* Weak German Ifo reading weighs on DAX
* LVMH slumps after below-forecast Q2 results
* DAX down 0.1 pct, CAC down 0.5 pct
* FTSEurofirst 300 index flat
By Sudip Kar-Gupta
LONDON, July 25 (Reuters) - Weak German economic data and a slump in the shares of luxury goods group LVMH weighed on European stock markets on Friday.
Germany’s benchmark DAX equity index, which hit a record high of 10,050.98 points in late June, was down by 0.3 percent at 9,760.65 points going into the middle of the trading day.

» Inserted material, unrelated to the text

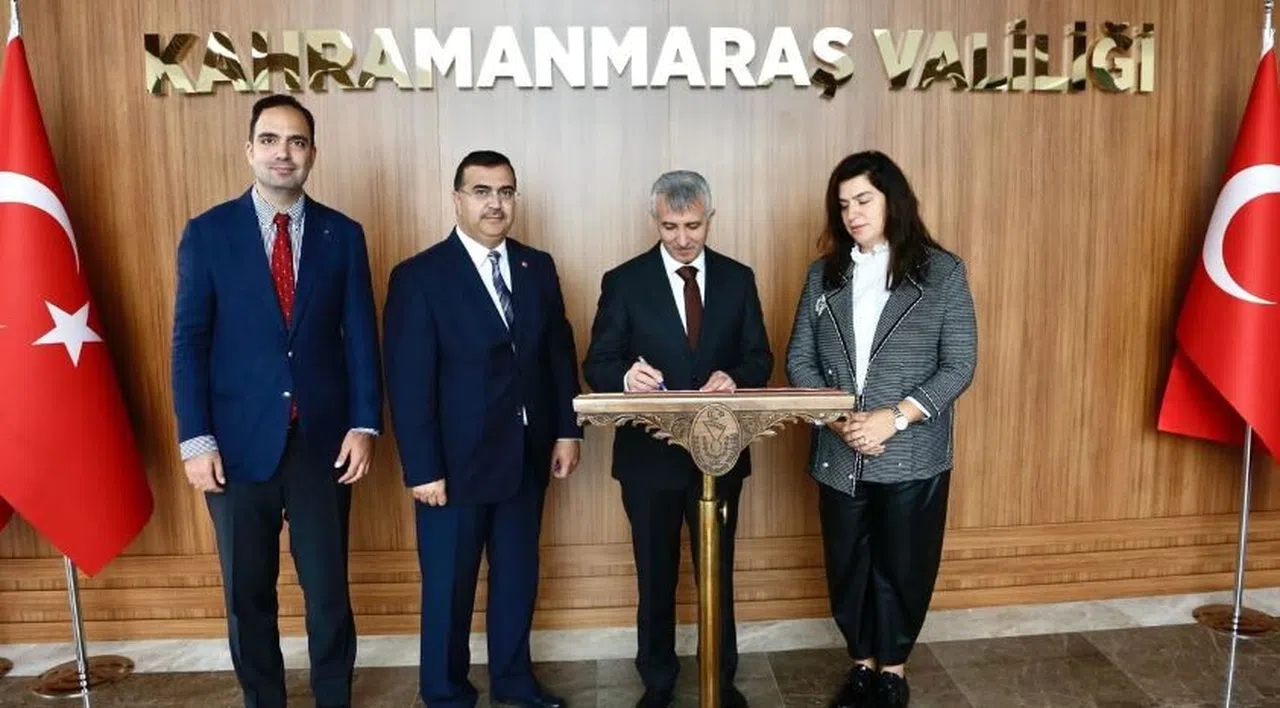 Nazar Tekstil, Dulkadiroğlu İlçesine Yeni Fen Lisesi İnşa Edecek!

The DAX came under pressure after the Munich-based Ifo think-tank’s business climate index showed that German business sentiment fell to its lowest level in nine months in July.
“The IFO number looked negative. I think the European stock markets will drift slightly lower,” said Darren Courtney-Cook, head of trading at Central Markets Investment Management.
Courtney-Cook said he would be “short” on the DAX futures - namely betting on future falls - between the 9,750-9,800 points range, due to his expectations that European stock markets would edge lower over the coming month.
France’s benchmark CAC equity index also fell 0.7 percent, as a 6.8 percent slide at LVMH hit the Paris market.
LVMH was also the worst performing stock, in percentage terms, on the pan-European FTSEurofirst 300 index, which slipped 0.2 percent to 1,379.85 points.
LVMH reported second quarter sales and profits that missed market forecasts late on Thursday, after European stock markets had closed.
The world’s biggest luxury goods group said it had seen a drop in demand from Chinese buyers, and LVMH’s woes also hit rival luxury goods companies, with Richemont falling 2.1 percent while Kering dropped 3.1 percent.
Loic Morvan, an analyst at investment bank Bryan Garnier, cut his rating on LVMH to “neutral” from “buy”, adding that LVMH’s business slowed down significantly in the second quarter.
In Europe so far this quarter, 40 percent of companies have missed earnings expectations, according to Thomson Reuters StarMine data, underperforming the United States, where the number is 28 percent.
“Overall sentiment remains neutral, with investors continuing to prefer U.S. stocks to European ones due to the U.S. earnings season having delivered solid and mostly better than expected results so far,” said Markus Huber, senior sales trader at Peregrine & Black.